+++ SUPPLIED MATERIAL

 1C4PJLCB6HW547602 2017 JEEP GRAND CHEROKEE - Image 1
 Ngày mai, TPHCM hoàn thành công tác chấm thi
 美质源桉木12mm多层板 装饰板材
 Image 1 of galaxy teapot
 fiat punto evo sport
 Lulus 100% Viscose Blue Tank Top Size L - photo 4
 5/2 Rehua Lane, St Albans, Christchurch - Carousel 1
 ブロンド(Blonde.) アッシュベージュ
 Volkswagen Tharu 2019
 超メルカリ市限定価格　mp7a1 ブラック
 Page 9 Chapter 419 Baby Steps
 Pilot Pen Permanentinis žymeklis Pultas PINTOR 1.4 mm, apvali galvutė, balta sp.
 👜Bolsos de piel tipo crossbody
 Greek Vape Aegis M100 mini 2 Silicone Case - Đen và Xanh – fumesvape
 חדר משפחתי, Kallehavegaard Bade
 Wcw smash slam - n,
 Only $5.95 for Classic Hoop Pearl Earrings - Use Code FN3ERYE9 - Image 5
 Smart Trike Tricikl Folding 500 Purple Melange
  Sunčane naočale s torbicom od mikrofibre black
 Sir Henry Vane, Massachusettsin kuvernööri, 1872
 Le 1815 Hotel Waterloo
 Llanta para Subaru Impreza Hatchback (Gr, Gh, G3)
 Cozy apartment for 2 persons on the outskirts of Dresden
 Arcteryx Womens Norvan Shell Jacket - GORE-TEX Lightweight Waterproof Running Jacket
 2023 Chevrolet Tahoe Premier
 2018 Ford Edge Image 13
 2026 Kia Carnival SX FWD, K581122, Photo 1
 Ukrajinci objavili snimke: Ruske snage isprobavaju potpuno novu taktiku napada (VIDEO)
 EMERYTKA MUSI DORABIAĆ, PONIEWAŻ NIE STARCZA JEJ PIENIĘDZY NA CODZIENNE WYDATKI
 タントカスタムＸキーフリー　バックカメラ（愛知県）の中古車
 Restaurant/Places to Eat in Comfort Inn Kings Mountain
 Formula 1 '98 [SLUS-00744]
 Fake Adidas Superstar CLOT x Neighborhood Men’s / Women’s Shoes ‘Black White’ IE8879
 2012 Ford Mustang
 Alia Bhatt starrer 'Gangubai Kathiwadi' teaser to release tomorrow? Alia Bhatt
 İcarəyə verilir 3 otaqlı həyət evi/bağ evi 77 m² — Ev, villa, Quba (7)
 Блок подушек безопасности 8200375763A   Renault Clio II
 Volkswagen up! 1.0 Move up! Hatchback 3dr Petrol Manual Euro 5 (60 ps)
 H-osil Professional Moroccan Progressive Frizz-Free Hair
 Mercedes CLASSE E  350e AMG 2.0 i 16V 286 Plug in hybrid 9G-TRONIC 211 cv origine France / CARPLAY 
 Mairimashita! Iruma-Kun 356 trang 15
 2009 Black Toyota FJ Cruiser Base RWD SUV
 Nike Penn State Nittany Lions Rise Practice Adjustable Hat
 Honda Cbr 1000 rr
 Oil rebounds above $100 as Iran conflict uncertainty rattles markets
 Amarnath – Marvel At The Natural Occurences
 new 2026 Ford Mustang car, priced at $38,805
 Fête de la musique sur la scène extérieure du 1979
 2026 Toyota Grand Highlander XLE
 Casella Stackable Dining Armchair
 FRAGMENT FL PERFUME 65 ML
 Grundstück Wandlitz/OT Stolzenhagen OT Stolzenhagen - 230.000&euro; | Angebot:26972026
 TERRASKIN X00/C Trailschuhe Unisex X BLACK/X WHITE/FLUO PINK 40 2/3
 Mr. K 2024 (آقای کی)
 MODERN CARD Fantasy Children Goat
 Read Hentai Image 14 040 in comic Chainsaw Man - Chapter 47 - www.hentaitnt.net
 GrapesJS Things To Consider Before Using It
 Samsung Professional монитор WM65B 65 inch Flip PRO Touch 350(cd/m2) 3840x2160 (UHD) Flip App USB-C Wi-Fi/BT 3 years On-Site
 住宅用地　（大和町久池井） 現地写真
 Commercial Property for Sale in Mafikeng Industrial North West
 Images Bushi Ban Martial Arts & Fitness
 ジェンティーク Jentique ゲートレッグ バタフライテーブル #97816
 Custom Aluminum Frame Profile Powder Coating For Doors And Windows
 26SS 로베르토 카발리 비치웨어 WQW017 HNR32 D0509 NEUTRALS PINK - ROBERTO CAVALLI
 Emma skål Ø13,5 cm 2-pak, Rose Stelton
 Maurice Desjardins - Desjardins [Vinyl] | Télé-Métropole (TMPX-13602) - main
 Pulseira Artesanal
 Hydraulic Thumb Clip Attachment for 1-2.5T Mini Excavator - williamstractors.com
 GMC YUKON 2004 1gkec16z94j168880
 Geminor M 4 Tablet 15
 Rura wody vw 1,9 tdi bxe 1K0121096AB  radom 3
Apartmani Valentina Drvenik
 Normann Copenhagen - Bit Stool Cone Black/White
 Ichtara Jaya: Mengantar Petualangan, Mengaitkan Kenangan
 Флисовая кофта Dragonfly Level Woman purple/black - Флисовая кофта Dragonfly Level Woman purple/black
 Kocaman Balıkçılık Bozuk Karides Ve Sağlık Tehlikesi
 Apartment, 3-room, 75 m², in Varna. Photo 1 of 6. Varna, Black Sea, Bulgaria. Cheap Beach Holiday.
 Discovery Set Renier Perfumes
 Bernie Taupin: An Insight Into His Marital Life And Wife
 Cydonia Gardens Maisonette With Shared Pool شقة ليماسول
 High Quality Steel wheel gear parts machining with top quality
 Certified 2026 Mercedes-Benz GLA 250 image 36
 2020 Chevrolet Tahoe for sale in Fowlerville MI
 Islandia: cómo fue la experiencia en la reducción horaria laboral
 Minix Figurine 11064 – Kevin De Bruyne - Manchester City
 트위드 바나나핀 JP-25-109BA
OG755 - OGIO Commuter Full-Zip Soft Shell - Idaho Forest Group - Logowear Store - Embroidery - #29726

++++++

EXERCISE DIRECTIONS: Read the data above and pull out each line that holds the string "Professional".

RESULT:
 H-osil Professional Moroccan Progressive Frizz-Free Hair
 Samsung Professional монитор WM65B 65 inch Flip PRO Touch 350(cd/m2) 3840x2160 (UHD) Flip App USB-C Wi-Fi/BT 3 years On-Site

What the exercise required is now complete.